État des lieux de la presse libanaise
Tour d’horizon des principaux quotidiens de la place libanaise qui ont bien voulu répondre à nos questions.
La loi de 1962 stipule que toute publication politique doit appartenir à des Libanais, que ce soit des personnes physiques ou morales. Le quotidien saoudien al-Sharq al-Awsat, a donc créé une société de droit libanais pour pouvoir diffuser au Liban ; et al-Balad (de son nom officiel Sada al-Balad) qui fait partie du groupe koweïtien al-Waseet International, est détenu au Liban par la société al-Balad SAL dont les actionnaires sont libanais.

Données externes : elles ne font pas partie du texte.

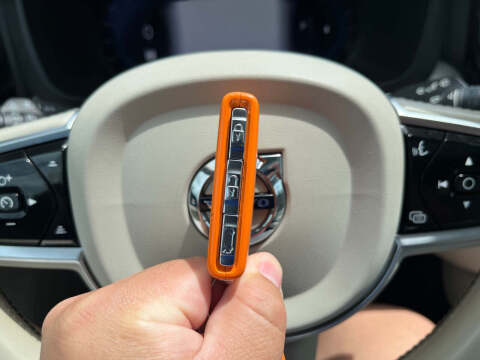 2023 Volvo XC60 B5 Plus Bright Theme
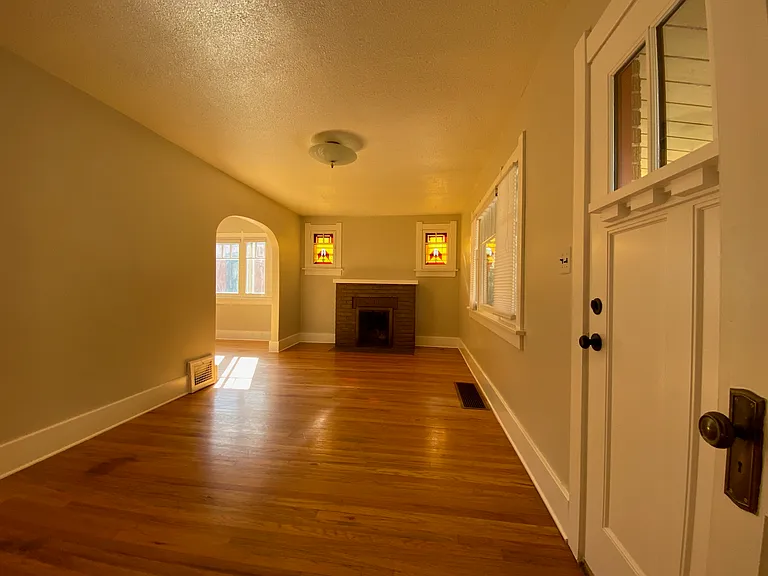 808 S Grant St — Photo 3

Le ministère libanais de l’Information reconnaît donc officiellement 20 quotidiens en activité au Liban, dont un en anglais, un en français et 18 en arabe : L’Orient-Le Jour ; The Daily Star ; An-Nahar ; Al-Liwa’ ; Al-Moustaqbal ; Al-Thabat ; Al-Jarida ; Al-Hayat ; Al-Akhbar ; Al-Anwar ; Al-Bariq ; Al-Diyar ; As-Safir ; Al-Sharq ; Al-Sharq al-Awsat ; Sada al-Balad ; Sada Loubnan ; Al-Nida’ ; Al-Balagh ; Al-Bina’.

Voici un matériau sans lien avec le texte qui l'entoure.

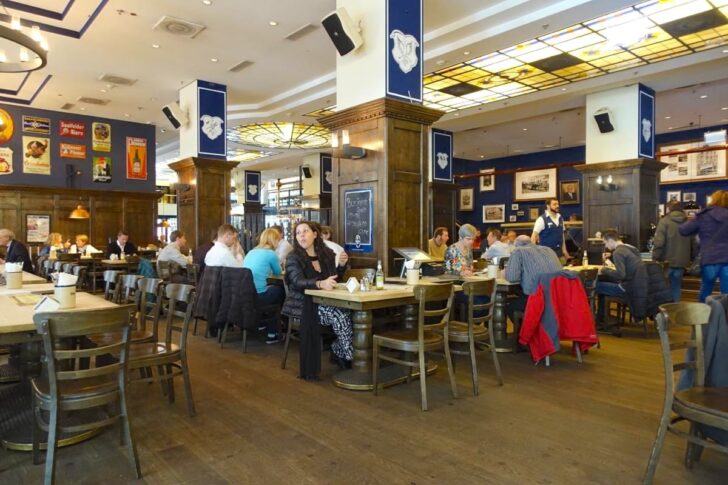 ステンドグラスや鉄製タンク、絵画などが飾られており、店内を見回すだけでも楽しい空間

L’Orient-Le Jour : un quotidien francophone rentable
Né en 1971 de la fusion entre L’Orient de Georges Naccache et Gabriel Khabbaz, et Le Jour de Michel Chiha, L’Orient-Le Jour a longtemps été le seul quotidien francophone du Liban, jusqu’à l’arrivée récente de la version française d’al-Balad. Les principaux actionnaires du quotidien sont Michel Eddé, le groupe Choueiri, le groupe Pharaon et Rizk Rizk. Il est l’un des seuls quotidiens de la place libanaise à être rentable. Son budget de fonctionnement annuel, qui tourne autour de cinq millions de dollars, est aujourd’hui entièrement financé par les revenus publicitaires et par les revenus de la vente, selon son administrateur délégué Nayla de Freige. 1
35 personnes travaillent à son élaboration. Et son site Internet, relancé avec une nouvelle maquette début 2010, est dans le top 100 des sites libanais selon le site de statistiques Internet Alexa. La vente de bannières permet de le financer et des formules payantes sont mises au point. « Nous avons commencé à mettre en ligne une édition le dimanche, explique de Freige. L’étape suivante est le développement d’une rédaction web semi-indépendante, d’ici à 2011. » Malgré la montée en puissance du lectorat sur Internet, le tirage de l’édition papier resterait stable, à 16 000 exemplaires.
The Daily Star : un quotidien anglophone en difficulté
Le Daily Star, seul quotidien en anglais de la scène libanaise, est dans la tourmente. Confronté depuis quelques années à une baisse de ses revenus publicitaires, il a même dû cesser de paraître pendant deux semaines en janvier 2009 à la suite d’un conflit qui l’opposait à la banque Standard Chartered. En décembre de l’année dernière, le propriétaire actuel Jamil Mroué a lancé des négociations pour augmenter le capital de 40 % et renflouer les caisses. Le groupe Hariri était sur les rangs, mais se serait finalement désisté. Ce seraient des groupes qataris qui resteraient en lice. À l’heure d’aller sous presse, les négociations étaient toujours en cours.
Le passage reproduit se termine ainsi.